Court decision: 40 years are enough – Italians have to get out of “Hotel Mama”

Court decision
40 years are enough – Italians have to get out of “Hotel Mama”

Italy is known for picturesque landscapes, good food – and also for its “Bamboccioni”: adults who absolutely don’t want to leave their parents’ house. (Symbolic image) photo

© Daniel Reinhardt/dpa

They are 40 and 42, working – and reportedly neither paid rent nor helped around the house. Because the mother couldn’t get her sons to move out, she went to court. With success.

An Italian pensioner filed a lawsuit in court to force her two sons, aged 40 and 42, to move out of their home. The court in the northern Italian city Pavia gave them a deadline of December 18th, as the local newspaper “La Provincia Paese” reported.

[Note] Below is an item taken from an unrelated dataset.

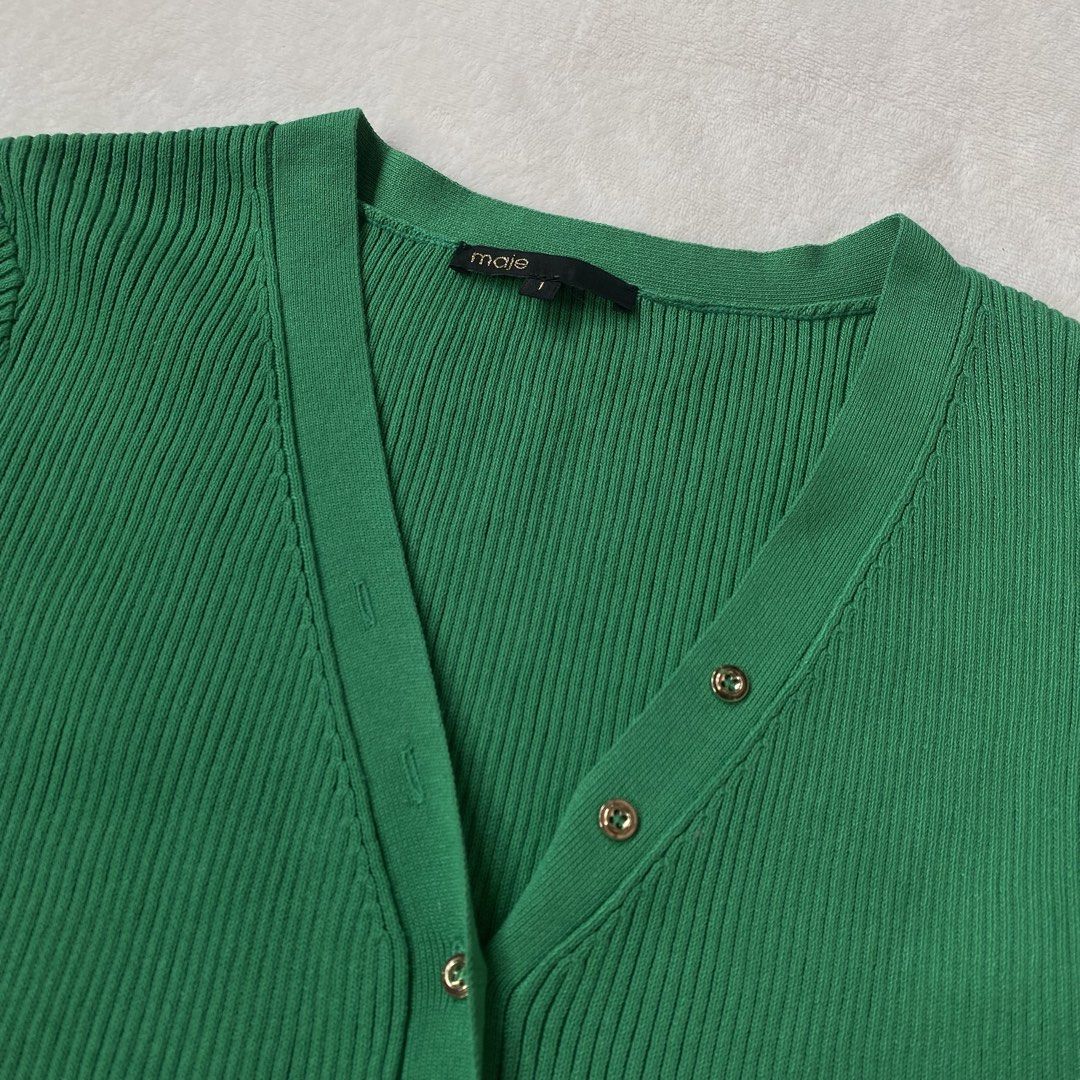 💫Maje Mimosa Cropped Ribbed Kit Top (Category: Others Tops) located in Manila. Submitted by yourdaily_obsessions (Listing ID 1470667556, Image 3). Description: Item: MAJE •Size 1 on tag, S-L (stretchable fabric) •Comfy to wear.💚 - Notes before making an offer❗️ •Photos are provided for self authentication. •Bogus/irresponsible buyer auto blocked •Check details first, to see minimal flaw/issue if any. •Payment First. No payment, no reservation.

They then have to spend Christmas somewhere else. The 75-year-old had previously tried many times in other ways to get the two of them to leave the “Hotel Mama”. According to the newspaper, the two working men did not want to pay the single mother’s rent or help with housework.

In Italy there are a relatively large number of people who continue to live with their parents well past their 18th birthday. According to a survey by the EU statistics agency last year, the average age at which people moved out was exactly 30 years old.

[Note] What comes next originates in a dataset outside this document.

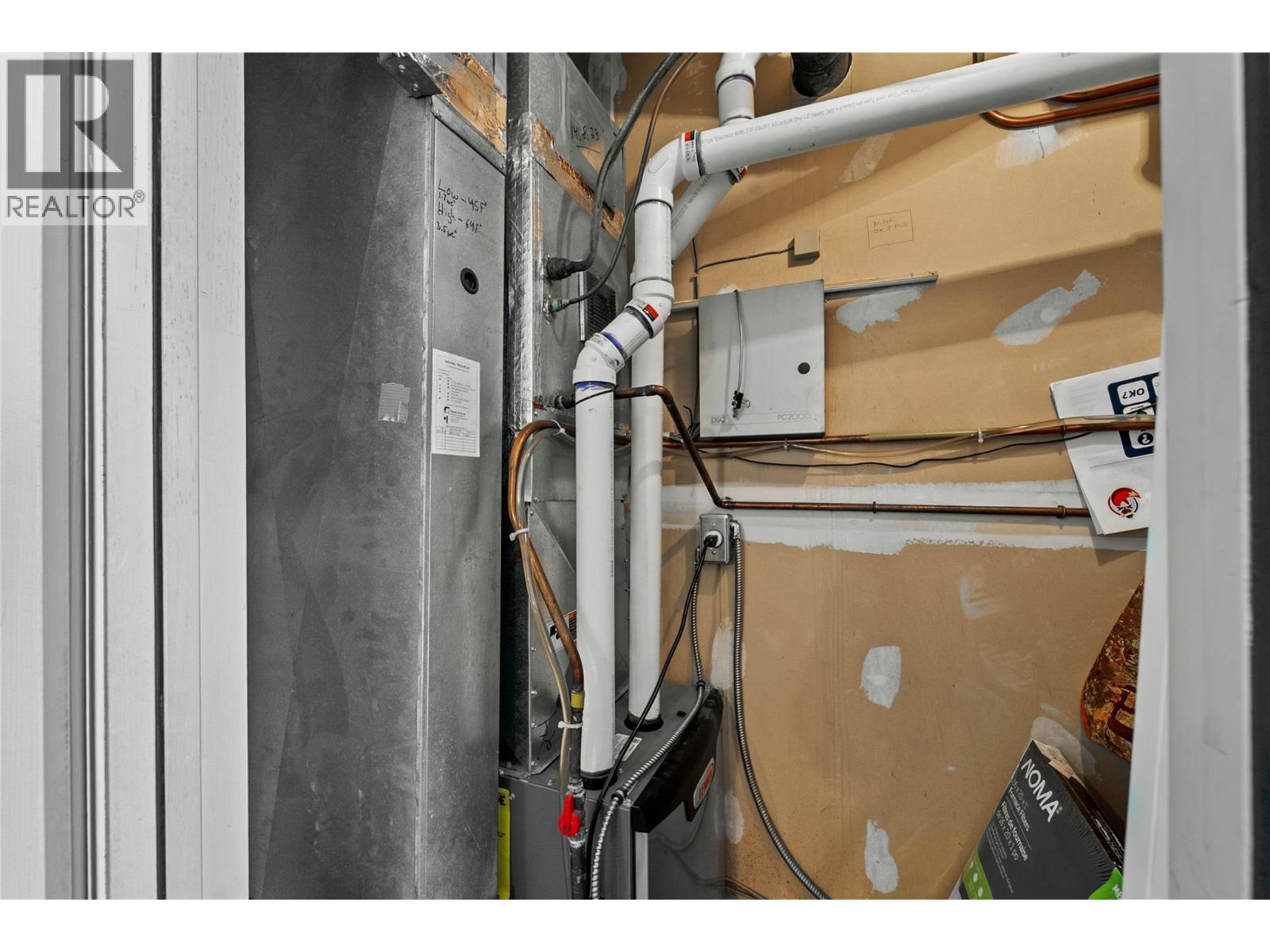 #108 338 NICOLA STREET - 24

Italy’s problem with the “Mammoni”

Mostly they are men. They are called “Mammoni” (“mama’s boys”) or “Bamboccioni” (“giant babies”). For comparison: In Germany, according to Eurostat, the average age at which people move out is just under 24.

According to various surveys in recent years, more than a third of Italians over 30 have not yet left home. There are a variety of reasons for this. The economic situation is also part of it. The Italian central bank warned in a study some time ago of “serious economic and demographic consequences” if young people postpone looking for a job and starting a family for so long.